Somehow, Halloween has gotten to be almost as commercialized as Christmas. Go to Target or Walmart and you’ll find aisle upon aisle with costumes, candy, inflatable pumpkins for your front yard, orange lights to hang outside and enough knick-knacks to fill your grandmother’s house a couple times over.
This week I got an email from Bud to Boss with “Are zombies invading your office?” in the Subject line. Given all the talk about trick-or-treating that’s going on at my house, it caught my attention and got me thinking. With companies reeling in their spending and head count, many people find themselves overwhelmed because they are doing the job of two or three people, in over their heads because they’ve been tasked with responsibilities they aren’t qualified for or unhappy with their current position but unwilling to look for a new job because there aren’t many out there to be had. In any of these cases, it isn’t doing the company any favors.
So what if you are a supervisor of someone who falls into these categories?
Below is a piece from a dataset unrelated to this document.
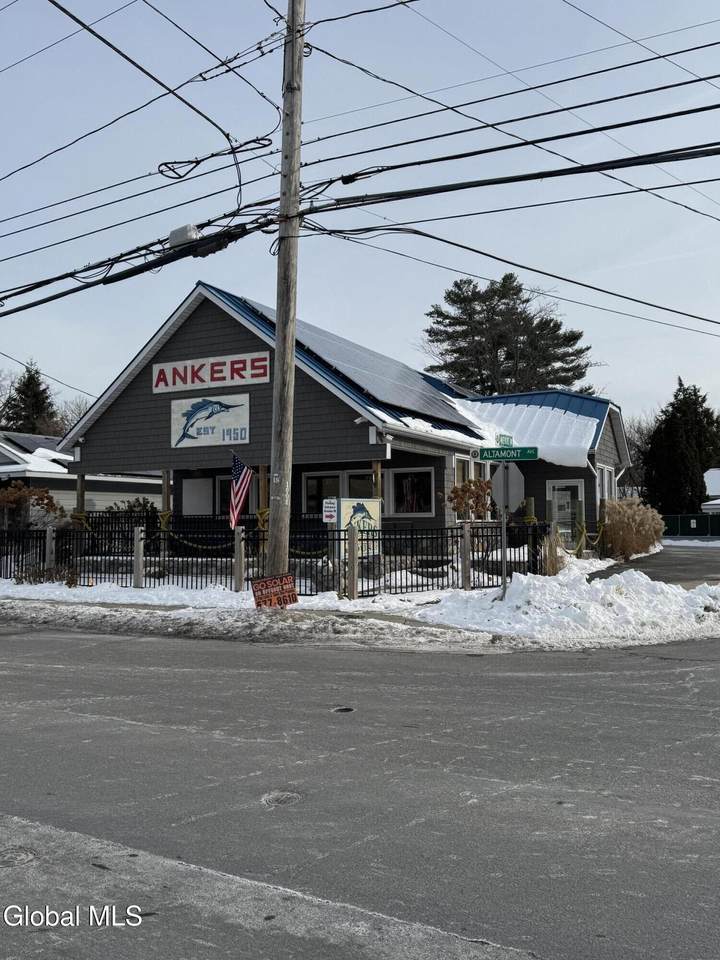 420 Altamont Avenue - Photo 1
Here’s what Bud to Boss recommends for keeping the energy going in your workplace:
- Recruit the living. Hire only those people who respond to your job postings and you might as well set up an office in the graveyard. Instead, actively seek out people who are enthusiastically and happily working in their current jobs, and then lure them away.
- Check for vital signs. During the hiring process, ask questions that will draw out candidates’ attitudes. Do they speak excitedly about overcoming a challenge or dealing with difficult customers? Remember: You can train workers in most skills, but a bad attitude festers.
- Zap their brains. Keep employees’ minds active by giving them assignments that are challenging and that tap their interests. When they complain about a situation, ask “What do you think we should do?” Train them to develop solutions instead of moaning. Don’t promote workers out of the positions that they enjoy and excel at; find ways to use those talents in new ways. Example: Make highly skilled employees mentors for new hires.
- Isolate the infection. Zombies aren’t hard to spot. If you ignore the early signs of decay, one zombie will feed off your entire team. Soon, you’ll be facing an army of the undead. Better to confront just one. Be clear with your team members about what behaviors are unacceptable. And if they cross the line, remove them from your team. (Following your HR policies, of course, not violently.)
- Seal the Pit of Nowhere. That’s where employees’ ideas die, neglected or mired in red tape. And when that happens, it also snuffs out other signs of life. Give your team a way to submit ideas, and follow up promptly on every one, even those you can’t implement.
The key to each of these points is communication. Whether you’re interacting face to face or through online meetings, keep them in mind so your department or office doesn’t turn into a place of doom and gloom.
Have you had success turning attitudes around? What tips can you recommend?